Category Archives: Ecological Integrity

A Safe and Sustainable World: The Promise of Ecological Design (N.J. Todd)

Author

Nancy Jack Todd

Keywords

Food, Trees, Fishponds, Energy, Sun, Wind, Conservation, Education and Outreach, Shelter to Bioshelter, Consolidation, Restoring the Water

Abstract

In the late sixties, as the world was waking to a need for Earth Day, a pioneering group founded a small non-profit research and education organization they called the New Alchemy Institute. Their aim was to explore the ways a safer and more sustainable world could be created. In the ensuing years, along with scientists, agriculturists, and a host of enthusiastic amateurs and friends, they set out to discover new ways that basic human needs—in the form of food, shelter, and energy—could be met. A Safe and Sustainable World is the story of that journey, as it was and as it continues to be.

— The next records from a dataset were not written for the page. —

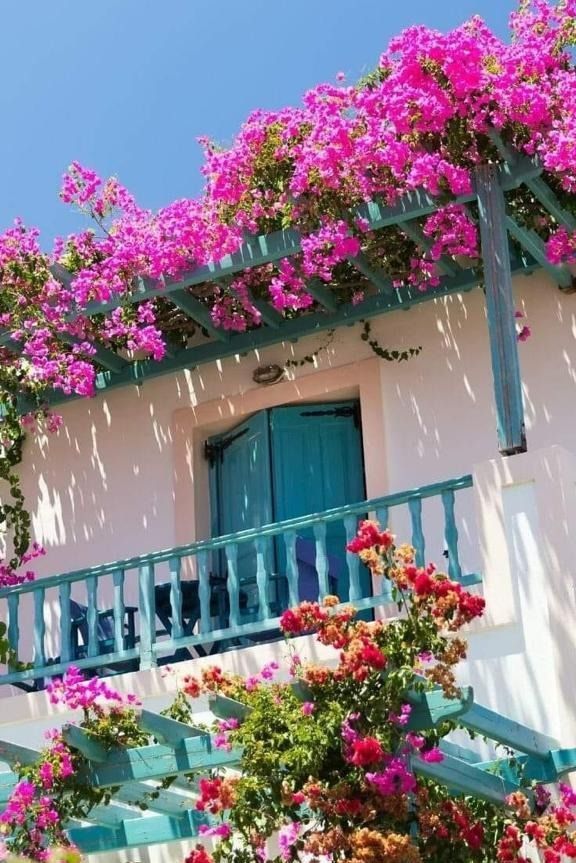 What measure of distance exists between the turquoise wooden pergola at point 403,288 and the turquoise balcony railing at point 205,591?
2.43ft

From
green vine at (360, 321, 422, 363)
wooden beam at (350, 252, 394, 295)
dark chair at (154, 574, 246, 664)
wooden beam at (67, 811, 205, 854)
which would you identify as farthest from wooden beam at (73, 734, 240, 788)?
green vine at (360, 321, 422, 363)

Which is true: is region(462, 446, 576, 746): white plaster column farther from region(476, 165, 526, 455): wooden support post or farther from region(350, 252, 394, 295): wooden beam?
region(350, 252, 394, 295): wooden beam

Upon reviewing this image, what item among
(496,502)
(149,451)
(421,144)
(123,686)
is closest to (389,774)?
(496,502)

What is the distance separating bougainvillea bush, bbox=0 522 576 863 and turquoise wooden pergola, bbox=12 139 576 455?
1.76 meters

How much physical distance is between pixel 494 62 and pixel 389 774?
13.5ft

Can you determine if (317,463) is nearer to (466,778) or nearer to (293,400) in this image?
(293,400)

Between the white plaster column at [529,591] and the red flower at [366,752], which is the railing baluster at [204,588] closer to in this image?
the white plaster column at [529,591]

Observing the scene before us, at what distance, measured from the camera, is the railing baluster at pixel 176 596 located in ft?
24.2

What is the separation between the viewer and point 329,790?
5062 mm

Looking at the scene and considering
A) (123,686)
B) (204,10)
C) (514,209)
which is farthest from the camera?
(204,10)

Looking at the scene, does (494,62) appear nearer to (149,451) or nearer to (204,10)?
(149,451)

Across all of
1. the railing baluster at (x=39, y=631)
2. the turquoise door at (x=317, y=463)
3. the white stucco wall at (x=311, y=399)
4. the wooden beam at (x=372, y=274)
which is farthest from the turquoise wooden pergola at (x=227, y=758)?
the wooden beam at (x=372, y=274)

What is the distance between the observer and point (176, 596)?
296 inches

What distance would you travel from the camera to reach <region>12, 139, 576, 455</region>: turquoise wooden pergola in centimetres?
703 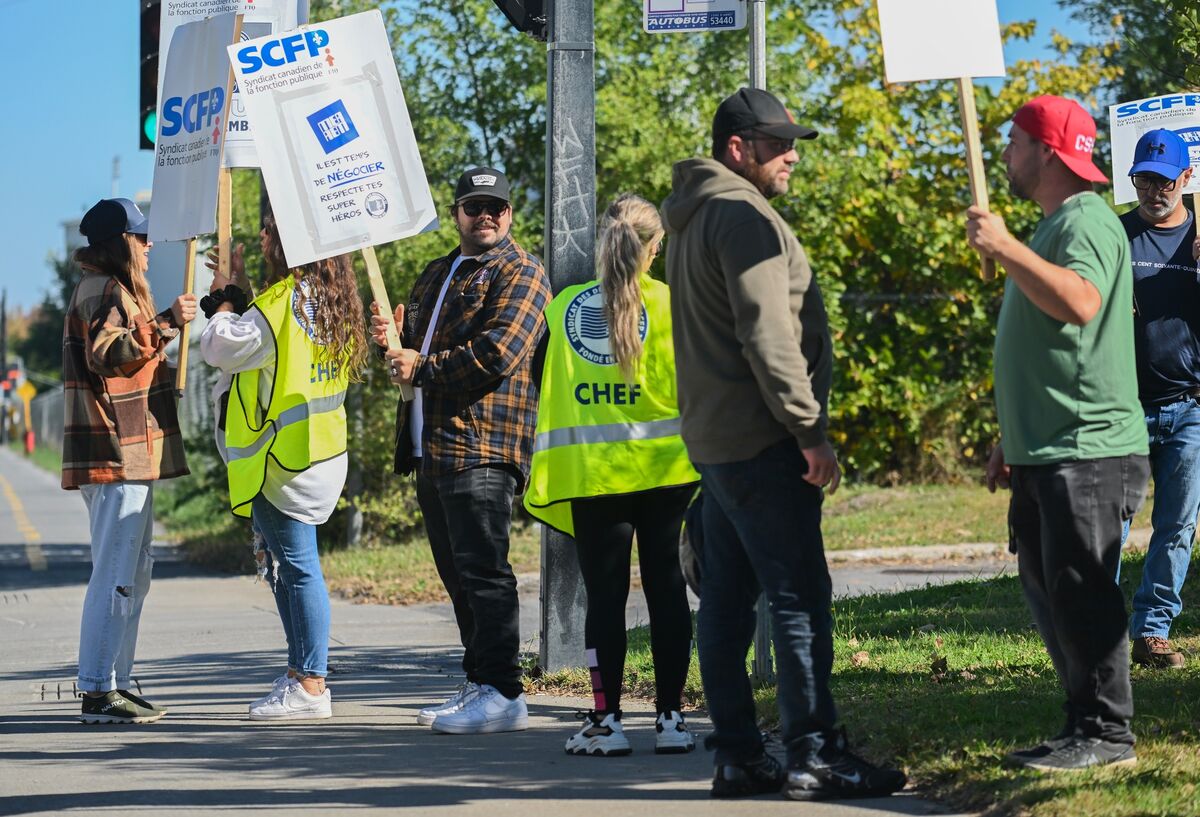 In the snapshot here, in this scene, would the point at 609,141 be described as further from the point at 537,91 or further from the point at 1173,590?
the point at 1173,590

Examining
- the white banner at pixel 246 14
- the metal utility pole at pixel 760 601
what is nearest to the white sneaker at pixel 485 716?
the metal utility pole at pixel 760 601

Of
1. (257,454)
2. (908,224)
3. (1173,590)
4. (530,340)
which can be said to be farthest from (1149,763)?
(908,224)

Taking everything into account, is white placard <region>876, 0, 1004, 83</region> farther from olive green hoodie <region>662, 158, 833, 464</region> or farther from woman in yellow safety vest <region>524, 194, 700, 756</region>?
woman in yellow safety vest <region>524, 194, 700, 756</region>

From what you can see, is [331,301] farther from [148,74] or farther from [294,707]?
[148,74]

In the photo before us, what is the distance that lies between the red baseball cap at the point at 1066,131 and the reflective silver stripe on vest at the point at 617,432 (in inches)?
65.3

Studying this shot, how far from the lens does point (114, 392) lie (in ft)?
22.3

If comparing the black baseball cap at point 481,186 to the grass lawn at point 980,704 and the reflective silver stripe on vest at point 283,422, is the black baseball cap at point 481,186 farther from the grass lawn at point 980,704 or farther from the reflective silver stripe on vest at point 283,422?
the grass lawn at point 980,704

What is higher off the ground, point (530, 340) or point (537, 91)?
point (537, 91)

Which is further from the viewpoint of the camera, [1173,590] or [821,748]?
[1173,590]

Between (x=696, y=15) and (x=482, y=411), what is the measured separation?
1.95 m

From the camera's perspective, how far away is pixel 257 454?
6.42m

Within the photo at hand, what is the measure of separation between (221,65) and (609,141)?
296 inches

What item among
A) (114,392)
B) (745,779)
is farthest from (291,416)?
(745,779)

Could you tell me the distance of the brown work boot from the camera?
6598 millimetres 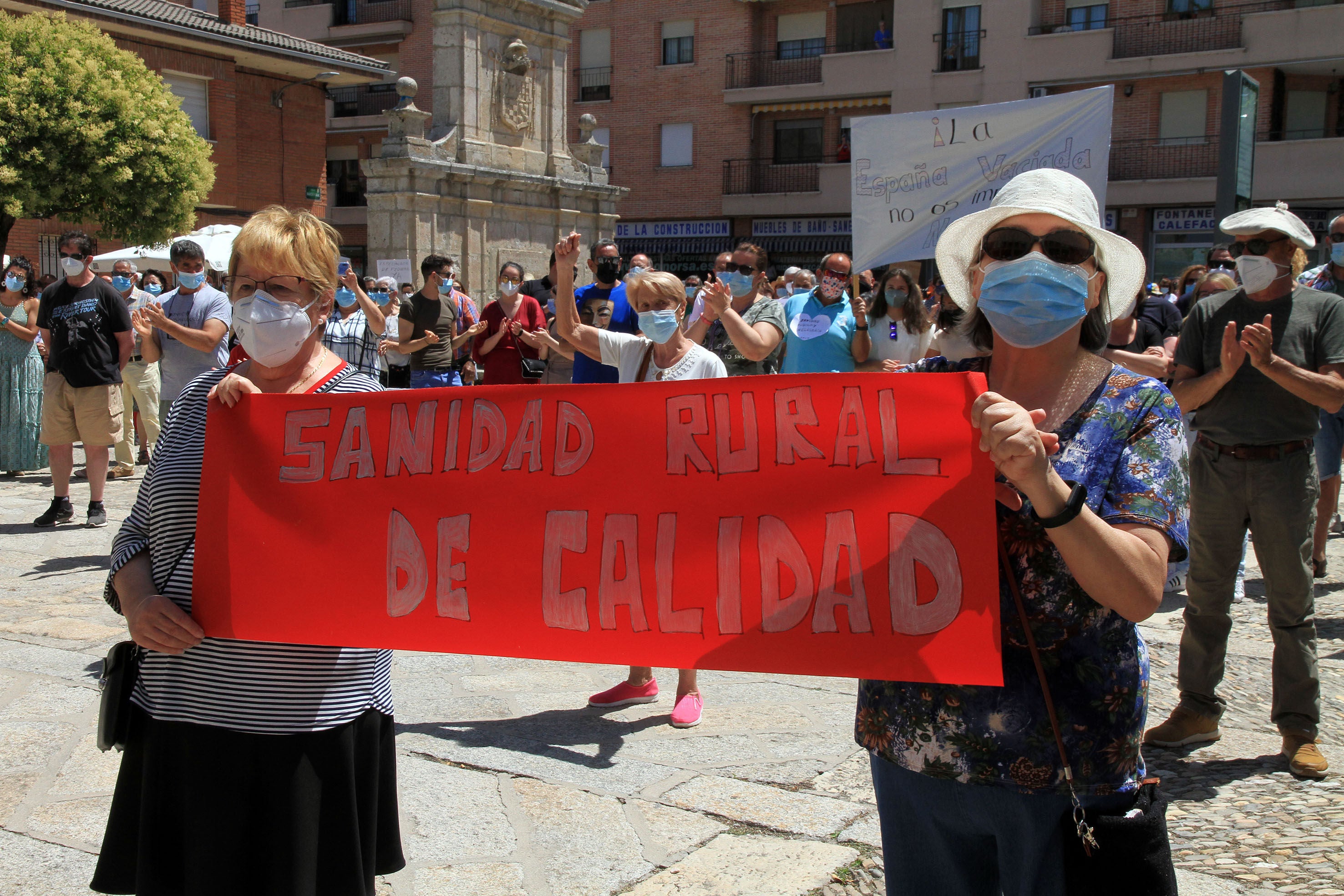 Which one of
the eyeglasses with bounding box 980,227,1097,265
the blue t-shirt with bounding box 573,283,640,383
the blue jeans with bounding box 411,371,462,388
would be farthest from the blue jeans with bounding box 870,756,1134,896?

The dynamics and the resilience of the living world were the Institute’s model and the inspiration for their research. Central to their efforts then and now is, along with science, a spiritual quest for a more harmonious human role in our planet’s future. The results of this work have now entered mainstream science through the emerging discipline of ecological design.

Nancy Jack Todd not only relates a fascinating journey from lofty ideals through the hard realities encountered in learning how to actually grow food, harness the energy of the sun and wind, and design green architecture. She also introduces us to some of the heroes and mentors who played a vital role in those efforts as well, from Buckminster Fuller to Margaret Mead. The early work of the Institute culminated in the design and building of two bioshelters—large greenhouse-like independent structures called Arks, that provided the setting for much of the research to follow.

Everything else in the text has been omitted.